Cash and Cash Equivalents & Current Financial Investments to Revenue Ratio

The coefficient Cash and Cash Equivalents & Current Financial Investments to Revenue determines the sufficiency of cash at the enterprise. Cash flows as well as the balance of funds are very important for the analysis.

Alternative names of the indicator:

  • (CCЕ&CFinI) / R
  • Cash and Cash Equivalents & Current Financial Investments to Revenue

What Does the Indicator of Cash and Cash Equivalents & Current Financial Investments to Revenue Show?

The indicator shows the sufficiency or redundancy of the company’s cash funds, which is determined by the impact of sales volume. Comparing cash, experts also take into consideration money on bank accounts that can be withdrawn within a few days. Some economists include to this category all highly liquid securities that can be converted into money within a month.
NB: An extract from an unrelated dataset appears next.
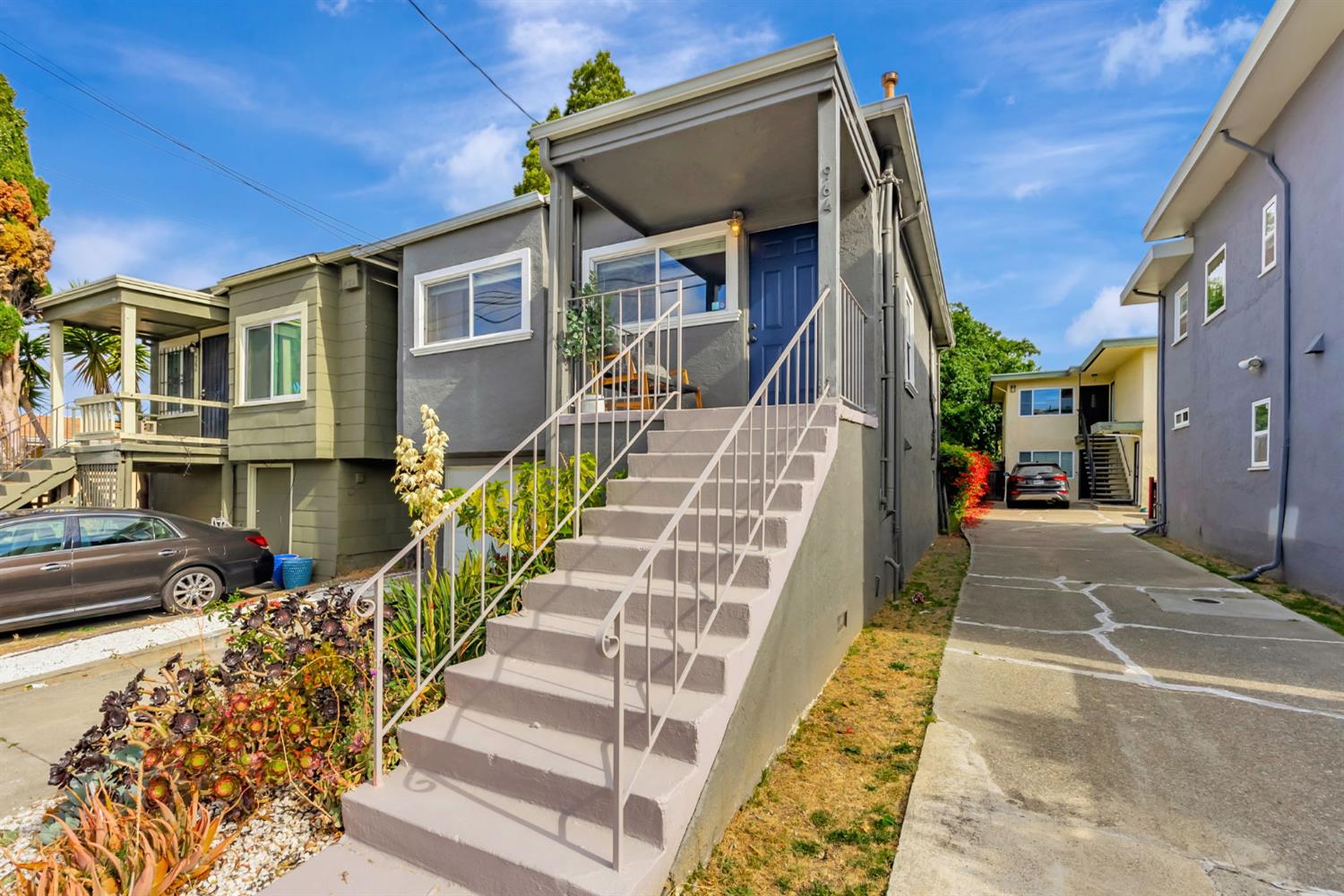 Detail Gallery Image 2 of 39 For 964 61st St, Oakland,  CA 94608 - 3 Beds | 2/1 Baths
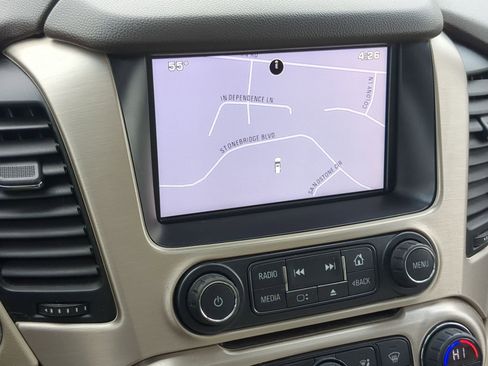 Used 2015 GMC Yukon Denali w/ Premium Package AWD/4WD image 15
Formula of the Indicator Cash and Cash Equivalents & Current Financial Investments to Revenue

The figure is determined as follows:

(CCE & CFinI) / R = (Cash surplus + Highly liquid securities) / Sales volume

Normative Value of the Indicator Cash and Cash Equivalents & Current Financial Investments to Revenue

The indicator should be investigated in comparison with the practice of the best companies and the average industry value. In fact, it is a rare situation when an enterprise preserves the amount of money that exceeds the volume of annual sales on its current account. Cash should be sufficient only to repay the urgent debt. The rest of the funds should work actively. That’s why not a low, but a high value of this indicator is critical for the company.